S5: Scalable Semi-Supervised Semantic Segmentation in Remote Sensing¶

Conference: AAAI 2026 arXiv: 2508.12409 Code: S5 Area: Remote Sensing Image Segmentation Keywords: semi-supervised learning, remote sensing, foundation model, semantic segmentation, mixture of experts

TL;DR¶

This paper proposes the S5 framework, which for the first time extends semi-supervised semantic segmentation into a pre-training paradigm for remote sensing foundation models (RSFMs). By constructing the million-scale RS4P-1M dataset and introducing a MoE-based multi-dataset fine-tuning strategy, S5 achieves state-of-the-art performance across multiple remote sensing segmentation and detection benchmarks.

Background & Motivation¶

Semantic segmentation in remote sensing relies heavily on pixel-level annotations, which are extremely costly to obtain. Semi-supervised semantic segmentation (S4) leverages unlabeled data through pseudo-labels and consistency regularization, yet existing S4 research remains confined to small-scale datasets and models (e.g., splitting training sets solely on iSAID), making it unable to fully exploit the vast amount of available Earth observation data.

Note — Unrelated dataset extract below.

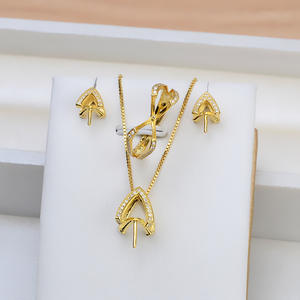 Ensemble de bijoux fins pour femme Wenchi en argent S925, bague ouverte avec pendentif boucle d'oreille, perle et jade, supports vides 16880 Chine - Product Image 1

Meanwhile, although RSFMs have made progress in self-supervised (MAE, contrastive learning) and supervised pre-training, supervised pre-training is limited by annotation scale, and self-supervised pre-training suffers from a gap with downstream segmentation tasks. The root cause is: can S4 be scaled to millions of unlabeled remote sensing images as a pre-training strategy for RSFMs?

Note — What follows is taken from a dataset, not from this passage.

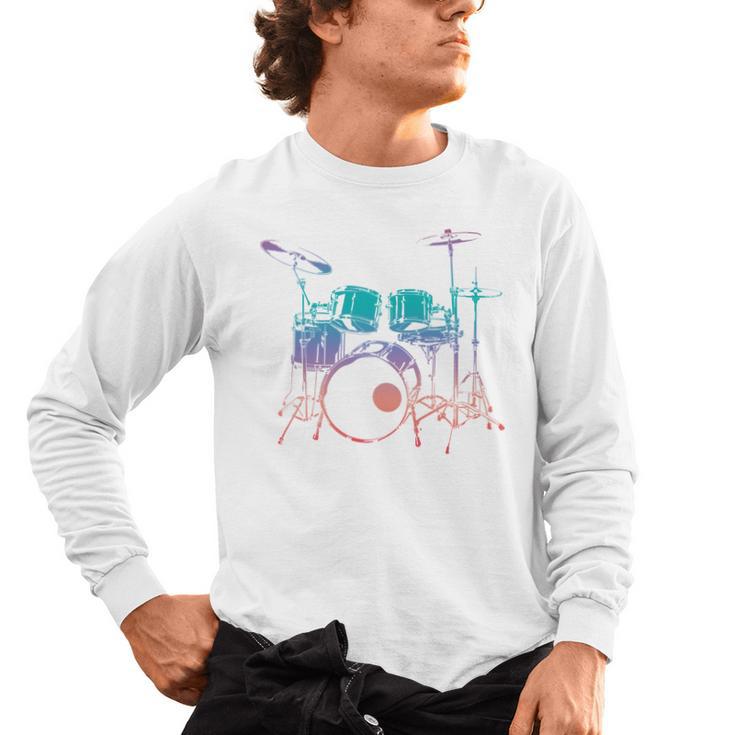 Drum Kit Drummer Graphic Sweatshirt Men's Long Sleeve T-Shirt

The core idea of this paper is to elevate S4 from "an intra-dataset training strategy" to "a large-scale pre-training paradigm (S4P)," while ensuring pseudo-label quality through data filtering and enabling efficient multi-dataset adaptation through MoE fine-tuning.

Method¶

Overall Architecture¶

S5 consists of three stages: (1) Dataset Construction — filtering million-scale unlabeled images from datasets such as MillionAID via entropy filtering and diversity expansion to build RS4P-1M; (2) S4 Pre-training (S4P) — using iSAID as labeled data and RS4P-1M as unlabeled data, performing semi-supervised pre-training with FixMatch; (3) MoE Multi-Dataset Fine-tuning (MoE-MDF) — embedding FFN-MoE modules into a shared backbone, jointly fine-tuning on multiple downstream benchmarks using shared experts and dataset-specific experts.

Key Designs¶

1. Data Filtering via Entropy Filtering + Diversity Expansion

Directly using all unlabeled data degrades pseudo-label quality due to distribution mismatch. S5 first trains an initial segmentation model (ViT-H + UperNet) on iSAID, performs inference on unlabeled images, and computes the pixel-level mean entropy:

\[E(x) = -\frac{1}{H \times W} \sum_{i=1}^{H \times W} \sum_{k=1}^{K} P^k(x^i) \log P^k(x^i)\]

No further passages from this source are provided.